14. The system of claim 12, wherein the set of operations comprise:

determining the expert placement layout for the one MoE layer of the MoE model based on at least one selected from a group consisting of a number of tokens to be provided to an expert hosted on a computing unit for the expert in the one MoE layer, a number of experts hosted by the computing unit, a maximum number of experts hosted by the computing unit, and an expert workload for the computing unit for the one MoE layer.

15. The system of claim 12, wherein the set of operations comprise:

receiving a plurality of input prompts;

determining a respective expert workload distribution with respect to a plurality of experts for each input prompt of the plurality of input prompts;

determining, for a selected layer of a plurality of layers in the MoE model, a respective expert placement layout with respect to a plurality of computing units for each input prompt of the plurality of input prompts based on the respective expert workload distribution; and

determining a similarity between two or more expert placement layouts of the plurality of expert placement layouts; and

clustering the plurality of expert placement layouts into a plurality of layout clusters based on the determined similarity.
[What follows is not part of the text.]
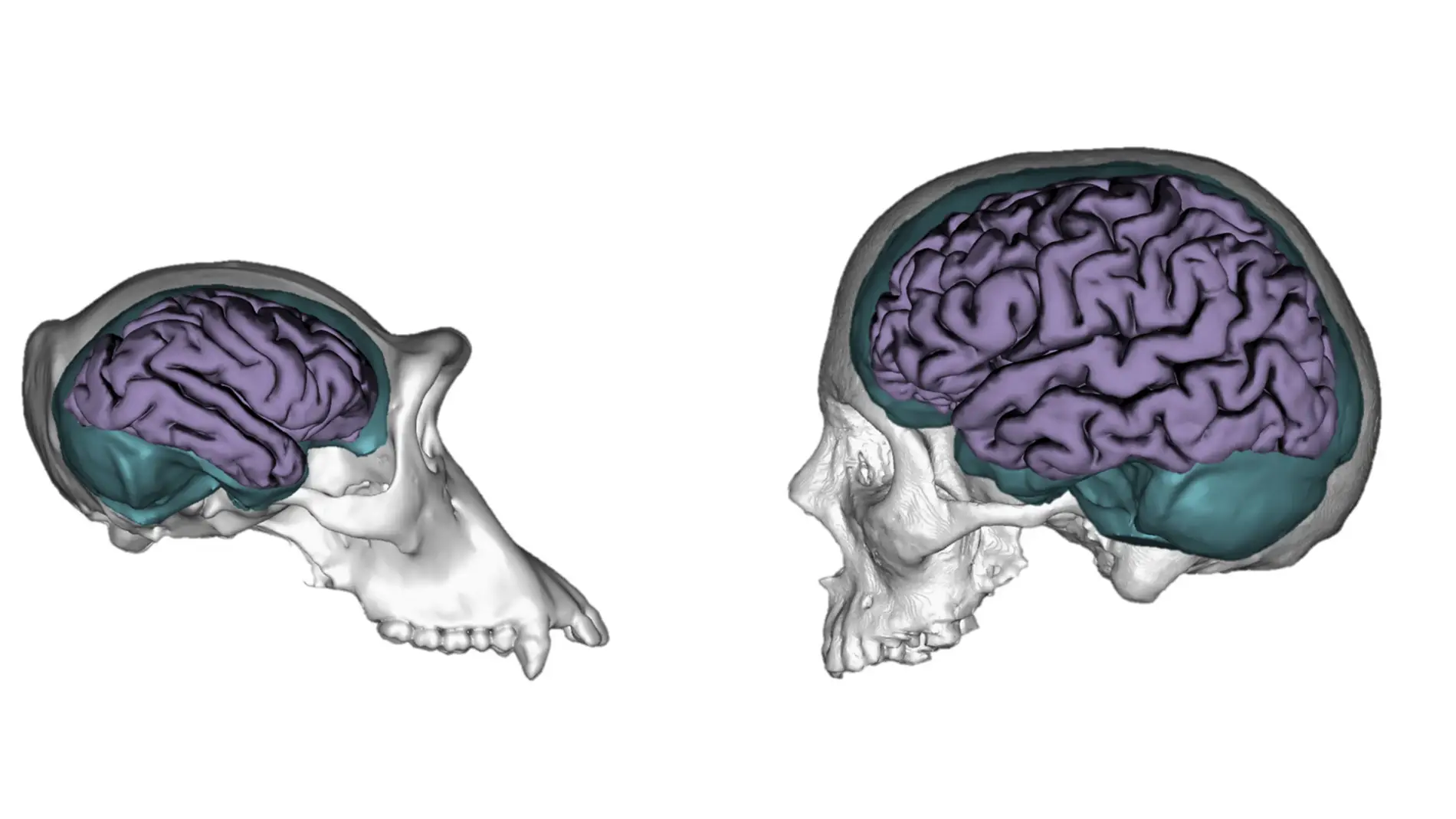 Reconstrucción tridimensional de un crán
16. The system of claim 15, wherein the set of operations comprise:

determining a plurality of expert workload distribution clusters based at least in part on the plurality of layout clusters;

clustering the plurality of input prompts into a plurality of prompt clusters based on a plurality of expert workload distribution clusters.

17. The system of claim 16, wherein the set of operations comprise:

sampling a representative expert workload distribution from the respective expert workload distributions within each distribution cluster of the plurality of expert workload distribution clusters;

determining an expert placement layout for a layout cluster of the plurality of layout clusters based on the representative expert workload distribution.

18. The system of claim 12, wherein the one MoE layer is a first MoE layer, wherein the determining an expert placement layout comprises determining the expert placement layout with respect to a plurality of computing units based on the determined expert workload distribution for the first MoE layer of the plurality of MoE layers.

19. The system of claim 12, wherein a first computing unit of the plurality of computing units hosts a first set of experts having a first total workload according to the expert placement layout, wherein a second computing unit of the plurality of computing units hosts a second set of experts having a second total workload, wherein a difference between the first total workload and the second total workload is less than ten percent of the first total workload.

20. A non-transitory computer-readable medium storing instructions for determining expert placement layouts for a mixture of experts (MoE) model, the instructions when executed by one or more processors, cause the one or more processors to perform a set of operations comprising:

receiving a plurality of tokens corresponding to an input prompt;

receiving routing information of the plurality of tokens corresponding to at least a subset of a plurality of experts in one MoE layer of a plurality of MoE layers in the MoE model, the routing information including a subset of tokens per expert in the subset of the plurality of experts;

determining a respective expert workload for each expert in the at least the subset of the plurality of experts based on the routing information;

determining an expert workload distribution with respect to the plurality of experts based on the respective expert workload for each expert in the at least the subset of the plurality of experts; and

determining an expert placement layout with respect to a plurality of computing units based on the determined expert workload distribution for the plurality of MoE layers.